Tres. Ya envalentonado el presidente Trump –comandante supremos de las fuerzas armadas- intenta cruzar una delgada línea del poder, al intentar jalar hacia su lado a los militares. Su secretario de Defensa, el general Mark Esper, tuvo que dar la cara para rechazar lo que antes su jefe había sopesado. La respuesta fue no. No la intervención del ejército o la fuerza aérea, porque no había las condiciones “extraordinarias”. Se refería a la ley de insurrección de 1807, un requerimiento constitucional que pueden pedir los gobernadores en caso de una insurrección la cual ponga en serios problemas al gobierno. “No apoyo la invocación de la Ley de Insurrección”, dijo Esper, dando a entender que en esos momentos no había tal situación. Sea lo que haya sido, le sirvió al presidente Trump para sondear las reacciones hacia el interior del Pentágono.
Cuatro. La hubo. El secretario Esper no fue el único militar en rechazar y criticar al presidente Trump. Los hicieron el general de cuatro estrellas, John Allen, cuatro excomandante de la OTAN, el Almirante Mike Mullen exjefe del Estado Mayor Conjunto, el general Martin Dempsey, el exjefe del Gabinete, el general John Kelly, y su exsecrtario de la Defensa, el general James Mattis.
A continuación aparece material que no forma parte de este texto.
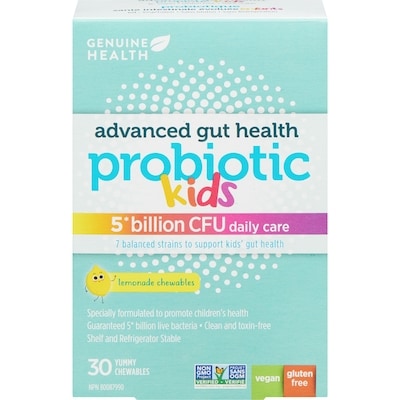 Genuine Health Advanced Gut Health Probiotic Kids 5 Billion Cfu Daily Care Lemonade Chewables 30 ea, $1.03/1ea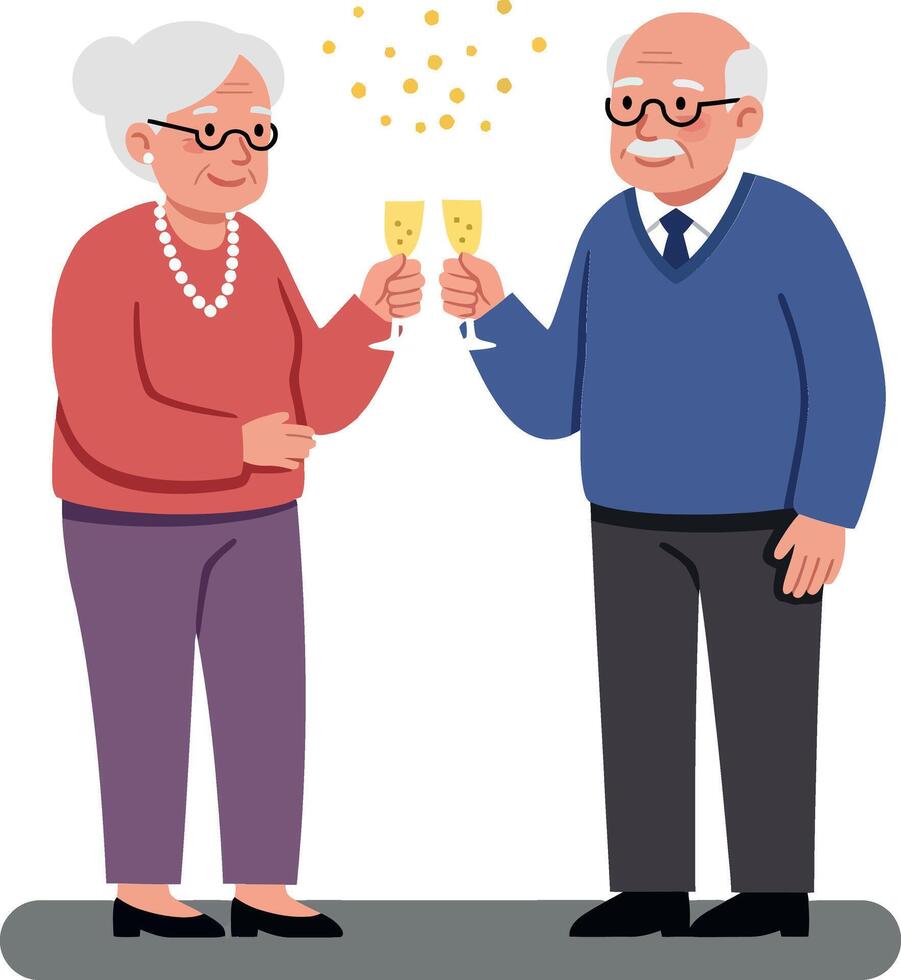 Happy elderly couple celebrating with glasses in a flat, minimal art style illustration vector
El principal argumento obligado y legítimo de esas voces fue el de no tomar en cuenta la legalidad de la Constitución, así como los riesgos intrínsecos de la democracia y los efectos nocivos de la autoridad con la sociedad. Crea “un falso conflicto entre los militares y la sociedad civil”, dijo el general Mattis.
CINCO. Claro contraste con quienes piensan que los militares sí deben ser requeridos contra la sociedad (protestas sociales, o guerra contra el narcotráfico), una tendencia muy generalizada para las voces del “orden”. Y también para los aficionados de golpes de Estado.